_Your assignment:_ With the images excluded, set down every line of the listing below exactly.

===== Material provided

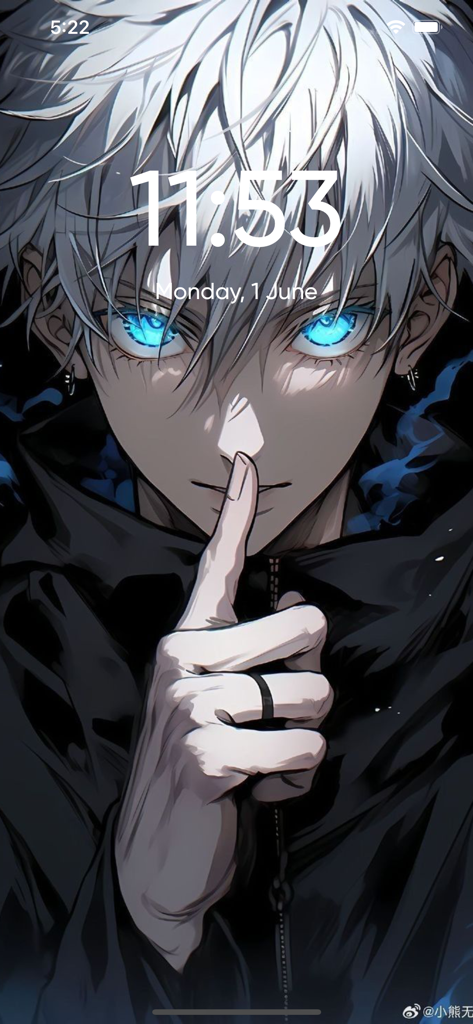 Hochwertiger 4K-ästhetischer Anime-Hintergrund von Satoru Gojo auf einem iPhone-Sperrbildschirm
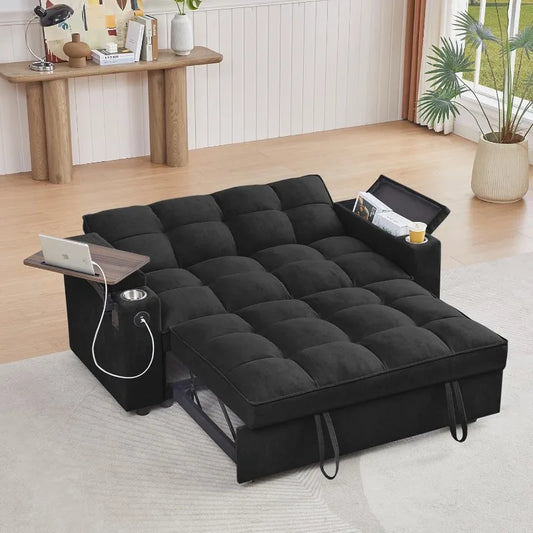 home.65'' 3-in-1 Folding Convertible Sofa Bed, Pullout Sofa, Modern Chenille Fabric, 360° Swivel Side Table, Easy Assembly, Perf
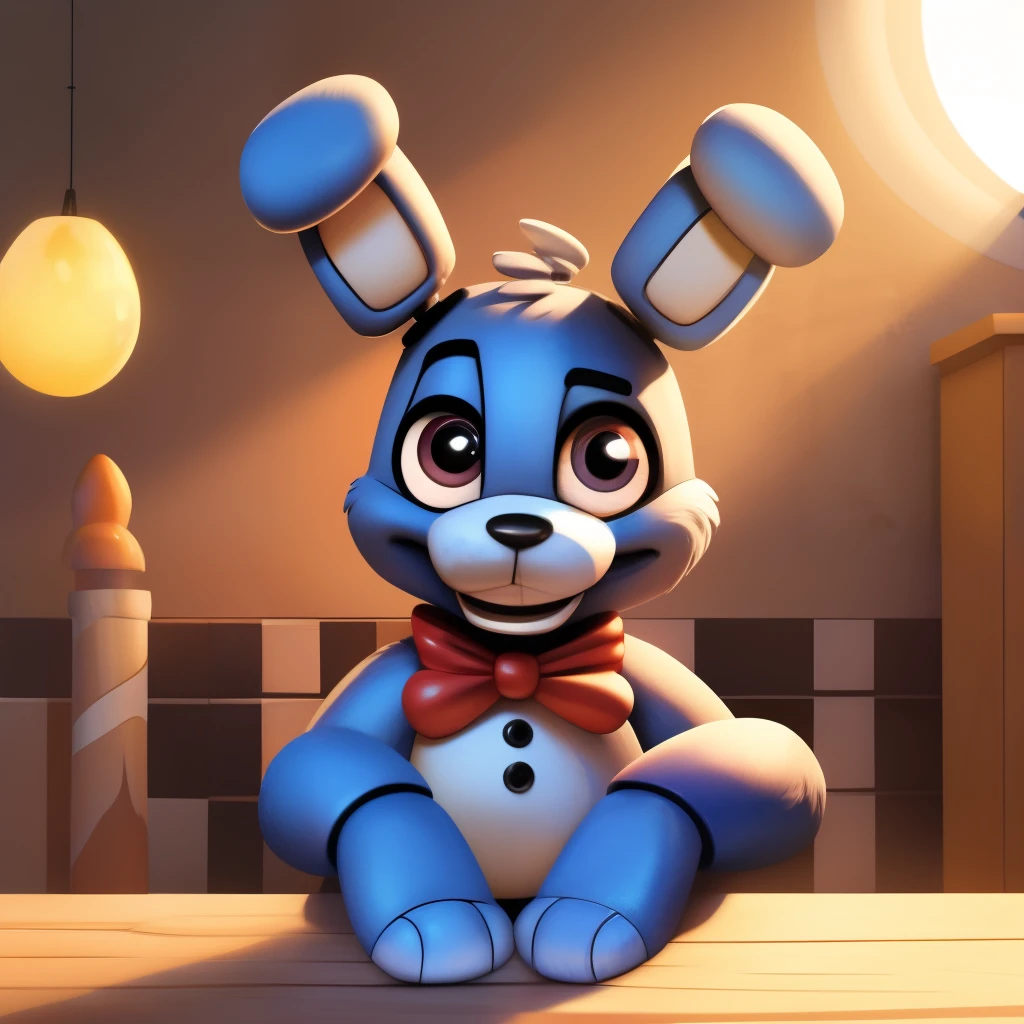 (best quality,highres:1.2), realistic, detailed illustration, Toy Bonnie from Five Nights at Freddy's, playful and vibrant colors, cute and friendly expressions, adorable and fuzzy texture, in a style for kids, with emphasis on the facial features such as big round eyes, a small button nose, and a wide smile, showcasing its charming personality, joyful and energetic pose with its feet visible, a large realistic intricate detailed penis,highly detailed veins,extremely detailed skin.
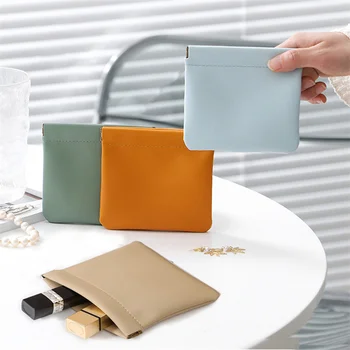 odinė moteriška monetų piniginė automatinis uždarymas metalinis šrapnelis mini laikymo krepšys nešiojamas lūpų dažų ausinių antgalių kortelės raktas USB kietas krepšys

==========

_Your solution:_
 Hochwertiger 4K-ästhetischer Anime-Hintergrund von Satoru Gojo auf einem iPhone-Sperrbildschirm
 home.65'' 3-in-1 Folding Convertible Sofa Bed, Pullout Sofa, Modern Chenille Fabric, 360° Swivel Side Table, Easy Assembly, Perf
 (best quality,highres:1.2), realistic, detailed illustration, Toy Bonnie from Five Nights at Freddy's, playful and vibrant colors, cute and friendly expressions, adorable and fuzzy texture, in a style for kids, with emphasis on the facial features such as big round eyes, a small button nose, and a wide smile, showcasing its charming personality, joyful and energetic pose with its feet visible, a large realistic intricate detailed penis,highly detailed veins,extremely detailed skin.
 odinė moteriška monetų piniginė automatinis uždarymas metalinis šrapnelis mini laikymo krepšys nešiojamas lūpų dažų ausinių antgalių kortelės raktas USB kietas krepšys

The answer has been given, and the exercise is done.